Jitin has worked in Dubai before but his international training has increased his range to the extent that he can confidently reach into the techniques and ingredients of any cuisine and make them his own
So, Revolver, the restaurant he now runs, may have Indian roots but the shoots have spread all over the world. We chatted over the counter at dinner service (he cooked, I ate) and I was surprised to find that despite the international nature of his experience Jitin is a bit of a cheerleader for Indian food. “In terms of our spices and our understanding of how and exactly when to put what into the pan, we are far ahead of most other cuisines,” he said. “Our food is much more complicated than people outside India realise.”
Certainly, at Revolver the global traditions of Indian cuisine are celebrated. Take the Scotch egg. It started out life as our nargisi kofta till the Brits took it back to their island. They took the dish downmarket substituting cheap sausage meat for the freshly chopped goat that marked the original. Its journey downmarket continued till nasty industrial Scotch eggs wrapped in cellophane began to be sold at service stations.

Top British chefs rescued it. The Hind’s Head in Bray usually gets the credit for making a version which left the egg yolk runny.

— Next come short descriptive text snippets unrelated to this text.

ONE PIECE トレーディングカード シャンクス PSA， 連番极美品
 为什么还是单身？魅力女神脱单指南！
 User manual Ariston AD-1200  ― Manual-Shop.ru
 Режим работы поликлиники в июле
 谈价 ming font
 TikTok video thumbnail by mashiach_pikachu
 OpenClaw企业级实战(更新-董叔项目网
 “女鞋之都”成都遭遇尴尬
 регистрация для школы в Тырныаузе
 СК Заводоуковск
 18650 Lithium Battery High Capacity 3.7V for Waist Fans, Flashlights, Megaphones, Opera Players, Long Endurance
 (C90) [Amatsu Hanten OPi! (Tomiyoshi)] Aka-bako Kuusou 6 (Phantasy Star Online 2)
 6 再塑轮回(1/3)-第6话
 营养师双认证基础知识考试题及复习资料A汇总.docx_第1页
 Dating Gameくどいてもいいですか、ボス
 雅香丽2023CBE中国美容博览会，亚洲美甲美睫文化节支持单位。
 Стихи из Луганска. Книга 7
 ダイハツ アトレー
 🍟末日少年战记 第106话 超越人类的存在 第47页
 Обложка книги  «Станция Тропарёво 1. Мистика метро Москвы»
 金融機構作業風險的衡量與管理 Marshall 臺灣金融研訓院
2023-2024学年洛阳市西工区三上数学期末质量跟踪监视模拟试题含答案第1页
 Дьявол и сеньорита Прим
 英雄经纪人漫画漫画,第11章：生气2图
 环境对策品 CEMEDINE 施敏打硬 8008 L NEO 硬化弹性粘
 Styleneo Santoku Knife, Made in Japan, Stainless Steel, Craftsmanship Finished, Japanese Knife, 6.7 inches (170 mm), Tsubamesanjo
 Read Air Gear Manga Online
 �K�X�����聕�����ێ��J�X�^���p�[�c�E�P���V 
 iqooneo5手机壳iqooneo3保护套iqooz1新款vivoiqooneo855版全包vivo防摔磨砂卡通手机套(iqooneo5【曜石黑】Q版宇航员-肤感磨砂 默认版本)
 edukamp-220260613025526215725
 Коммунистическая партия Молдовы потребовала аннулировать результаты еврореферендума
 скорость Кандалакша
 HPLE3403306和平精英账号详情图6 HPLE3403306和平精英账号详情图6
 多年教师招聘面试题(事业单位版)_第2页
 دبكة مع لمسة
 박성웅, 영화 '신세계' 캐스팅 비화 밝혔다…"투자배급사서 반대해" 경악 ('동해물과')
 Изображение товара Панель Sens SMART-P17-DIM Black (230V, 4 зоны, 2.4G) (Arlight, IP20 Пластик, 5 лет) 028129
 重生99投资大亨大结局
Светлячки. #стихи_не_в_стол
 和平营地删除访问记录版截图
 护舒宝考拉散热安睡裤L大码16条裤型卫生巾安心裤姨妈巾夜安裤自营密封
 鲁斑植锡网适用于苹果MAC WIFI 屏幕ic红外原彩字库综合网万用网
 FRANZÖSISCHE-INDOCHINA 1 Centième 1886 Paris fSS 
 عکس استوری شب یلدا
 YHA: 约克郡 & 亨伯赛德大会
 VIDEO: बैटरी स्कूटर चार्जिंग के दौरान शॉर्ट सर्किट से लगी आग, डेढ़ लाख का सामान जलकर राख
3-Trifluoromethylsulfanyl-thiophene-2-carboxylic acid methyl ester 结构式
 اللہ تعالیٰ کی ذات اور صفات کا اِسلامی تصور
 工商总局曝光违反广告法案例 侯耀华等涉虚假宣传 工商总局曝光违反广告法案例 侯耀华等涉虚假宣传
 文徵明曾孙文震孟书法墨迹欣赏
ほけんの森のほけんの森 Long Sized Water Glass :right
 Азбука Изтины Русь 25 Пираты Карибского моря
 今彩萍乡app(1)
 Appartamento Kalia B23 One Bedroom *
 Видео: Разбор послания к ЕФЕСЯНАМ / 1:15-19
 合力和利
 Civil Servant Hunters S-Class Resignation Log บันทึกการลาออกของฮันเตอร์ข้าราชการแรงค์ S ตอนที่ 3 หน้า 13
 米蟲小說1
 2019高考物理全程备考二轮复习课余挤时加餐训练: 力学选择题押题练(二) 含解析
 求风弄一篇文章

And for a brief period, it was a trendy dish with Scotch quail eggs becoming a popular canapé and Bruce Poole at La Trompette making a full size version with panko bread crumbs and truffle flavours.
The first Revolver in Singapore where Saurabh Udinia was the opening chef reclaimed the dish for India with wagyu keema and Indian spices. The Dubai Revolver has taken it an unexpected step forward by curing the egg and adding a new layer of flavour. And you can add caviar as a topping if you like.
So, what is this? Indian food? Fusion? A new take on a British favourite? I really don’t know.
And I don’t think it matters. That old parochial view of food is dead. Chefs can now order the best ingredients from around the world and they have the skills to cook them anyway they like. National classifications don’t help; they may actually be a hindrance.

I was looking at Jitin’s menu for Revolver and was struck by how eclectic it was, picking Asian classic ingredients and sometimes giving them an Indian treatment and often just the slightest sprinkle of Indianness.
A Japanese style hand roll is spiced with Goan balchow. A wagyu flank ateak comes with a mayo built around a nihari gravy. Lobster manchurian, a huge hit on the Singapore menu as well, takes a ‘Chinese dish’ originally invented in Colaba and uses top notch ingredients to elevate it.
A king crab leg is paired with the sort of crunchy papaya we associate with the Thai som tam. A duck bao comes alive with Chettinad spices. Nobody at Revolver worries too much about the national origin of rendang (a dish brought to Indonesia and Malaysia by Islamic visitors from further west in Asia which is still the subject of battles over its ownership in South East Asia) but Joshi turns rendang into the base for an excellent clay pot rice.
Often trendy western dishes are given an Indian twist. The current favourite of fried chicken and caviar appears here (without the KFC type batter that is often used) as a piece of chicken marinated in Indian spices, lightly dusted with potato starch and then fried. The caviar goes on top. As a dish it has more in common with chicken 65 than say, Korean fried chicken.

Revolver is already a success in Dubai a city packed out with top Indian restaurants probably because it does not try to be self-consciously Indian. Instead it shows us how far Indian food has come that our chefs now have the freedom to incorporate the best elements of world cuisine.
I am hoping it is the beginning of a trend. Indian chefs have already demonstrated that they can cook any cuisine under the sun. So why not mix it up and have a little fun with our food?